Business Insider reported that manufacturing remains as one of the highest-paying sectors, especially for people who do not hold college degrees. However, the future of the industry, and the potential for creating new jobs as a result of a shift in business strategy, is reliant on several outside factors.
According to the news source, trade plays an important role in U.S. manufacturing, and this is heavily influenced by the value of the dollar.
The greenback, as the American currency is colloquially known, both supports U.S. manufacturing and shifts growth to other countries. When the dollar is valued at a high rate, this leads to economic progress, but companies that export goods can sometimes be negatively affected.
According to Business Insider, if the dollar drops, at a rate of about 10 to 15 percent from its current levels, this could help to bring the trade back into balance. This decline could lead to the generation of 5 million new manufacturing jobs in the U.S., and could have an enormous impact on the labor market domestically.
However, the value of the dollar is not the only factor, as manufacturing failure and success abroad also impacts the American sector.

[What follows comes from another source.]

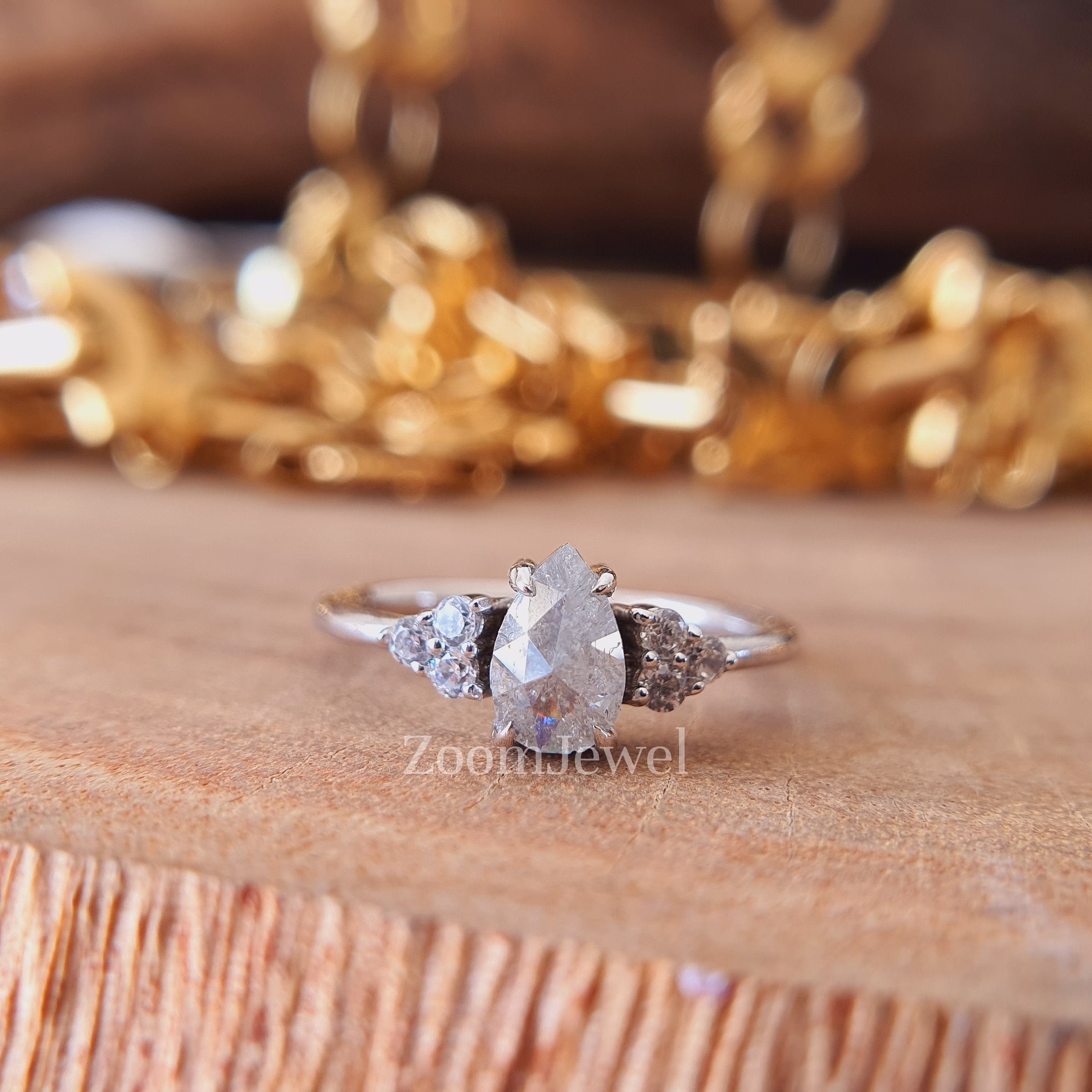 Salt & Pepper Diamond, Pear Diamond Tiny Ring, Unique Engagement Bridal, Black, Gray Pear, 14K Yellow, Rose, Or Three Stone White Gold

While a drop in output in Europe can create a short-term boost for the industry in the U.S., a long term recession in the EU could negatively impact domestic manufacturers.
The Associated Press reported that a recent manufacturing report from the U.S. highlighted significant growth in the sector – while similar Chinese and EU indices showed contraction- but the gains that were made could be affected by potential actions by the Federal Reserve and its chairman Ben Bernanke.
According to the news outlet, investors appear to believe that the Fed could pump more money into the economy, which could drive down the dollar.
"You don't want to hold on to dollars while they're devaluing and everything else is increasing," Matthew Schilling, a commodities broker at RJO Futures, told the AP.